**Work to be completed:**
Every line that appears in the listing is to be set down verbatim.

[Opening Information supplied section]

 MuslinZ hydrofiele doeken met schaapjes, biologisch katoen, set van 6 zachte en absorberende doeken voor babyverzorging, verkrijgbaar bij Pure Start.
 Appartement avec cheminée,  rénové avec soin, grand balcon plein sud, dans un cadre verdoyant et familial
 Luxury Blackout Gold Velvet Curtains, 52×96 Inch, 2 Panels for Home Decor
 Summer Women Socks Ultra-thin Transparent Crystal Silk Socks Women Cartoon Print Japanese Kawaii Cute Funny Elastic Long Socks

[Closing Information supplied section]

**Reply to the task:**
 MuslinZ hydrofiele doeken met schaapjes, biologisch katoen, set van 6 zachte en absorberende doeken voor babyverzorging, verkrijgbaar bij Pure Start.
 Appartement avec cheminée,  rénové avec soin, grand balcon plein sud, dans un cadre verdoyant et familial
 Luxury Blackout Gold Velvet Curtains, 52×96 Inch, 2 Panels for Home Decor
 Summer Women Socks Ultra-thin Transparent Crystal Silk Socks Women Cartoon Print Japanese Kawaii Cute Funny Elastic Long Socks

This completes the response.